Logstash translate filter - multiple matches

I have a situation where I am using a dictionary file with the translate filter. The keys are IPs or regexes for the IPs in IP blocks. What happens if an IP matches more than one dictionary entry, eg it's listed individually in one entry and belongs to a block in another entry? Can I count on the value from first match (if reading from the top of the file to the end) being returned, as happened in my little experiment?

Internally, the Translate Filter Plugin currently uses a Ruby Hash to store a mapping between keys and values, which means that by the time it is performing a lookup, there is at most one possible value for any given key -- duplicates have already been eliminated. It makes no guarantees about which of several duplicate entries will win.

Well, the keys are not duplicates, the regexes will vary, it's just that the IP being looked up could match more than one key.
I could make it work if I knew that either the first or last match is returned and the order in which the keys are examined is the same as the order I have them in the dictionary file, but after more looking, I think that might depend on which version of the filter and/or Ruby that I have. Is that correct?

Thanks

Yes, that is correct. From what I can tell, ordering under multiple mathes is not a guarantee that is made by the Translate Filter Plugin.

But I understand what you are asking now. I had forgotten about the regex feature of the plugin.

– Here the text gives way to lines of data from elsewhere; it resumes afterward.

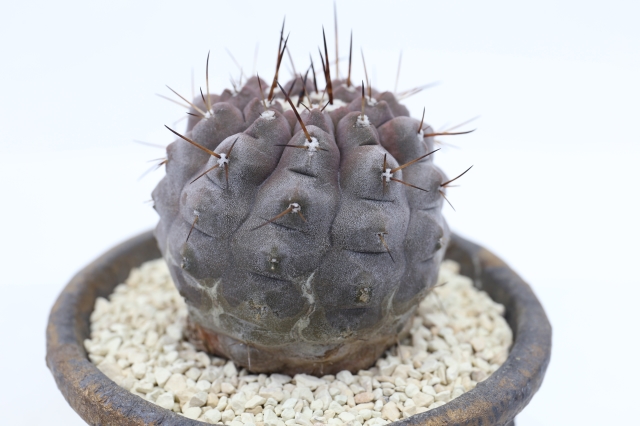 コピアポア【黒王丸】サボテン② 黒王丸 Taltal原産輸入球type A2052☆コピアポア サボテン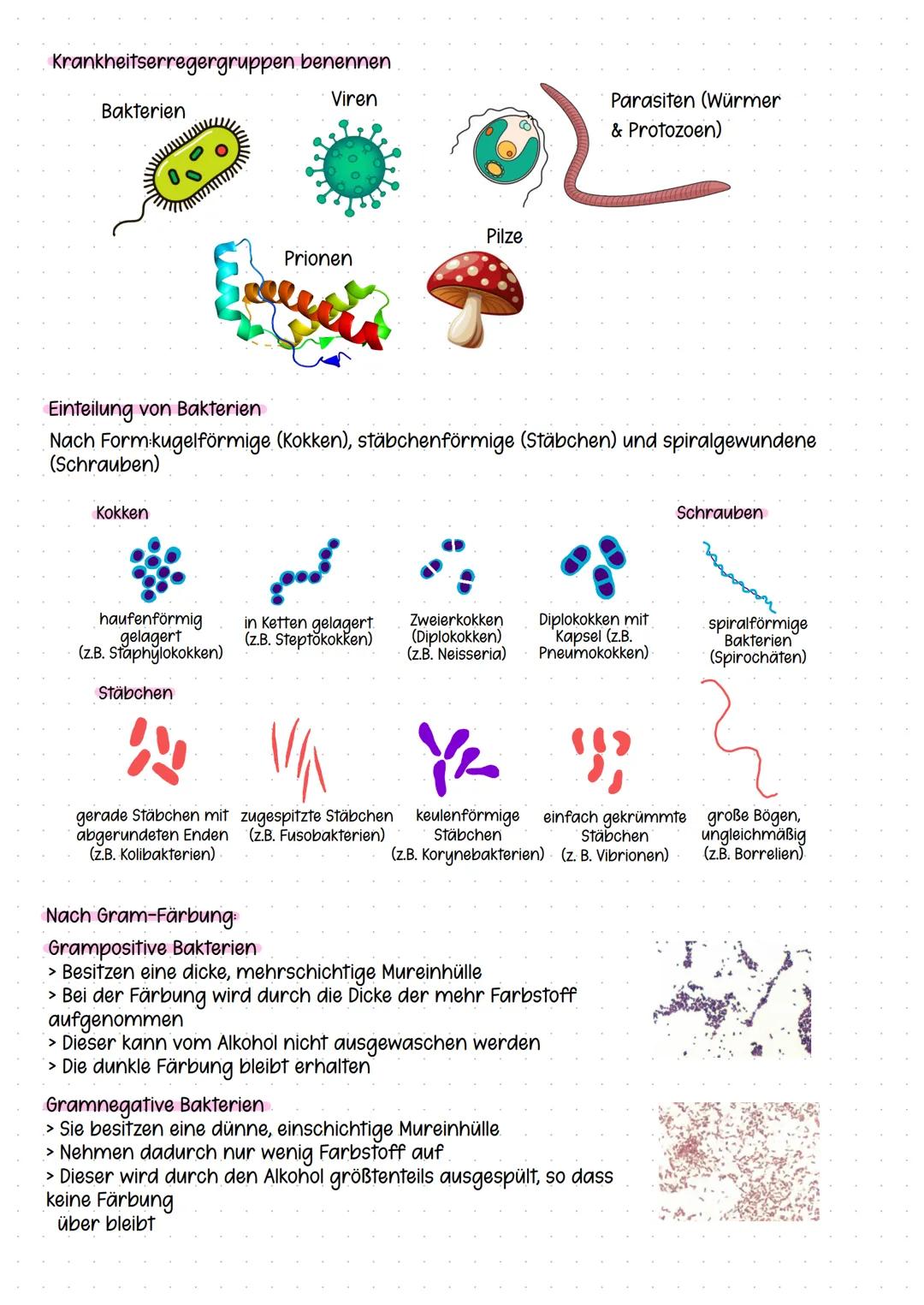 --- OCR Start ---
HYGIENE
Private und berufliche Hygiene
Definition Standardhygienemaßnahmen
> Auch Basishygienemaßnahmen genannt
> Sind gru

It may be possible to start providing dictionary-ordering guarantees, since the current implementation does in fact use ordered constructs all the way through. By adding explicit tests to the filter plugin that validate the handling of regex matching when multiple patterns would match, we could ensure that future changes to the plugin keep the desired behaviour.

Would you be willing to open an issue or pull-request on the Logstash Translate Filter Plugin repository? Feel free to tag me, and I'll follow up on it.

Sorry for the delay in responding.

I'm not totally clear on what you are saying. So the most recent version of the plugin does use a fixed order for examining dictionary entries and always returns the first or last match if there are multiple matches? I believe I read, after posting my question, that it does, but we are currently using an older version in which the order is not always the same. Perhaps we just need to upgrade.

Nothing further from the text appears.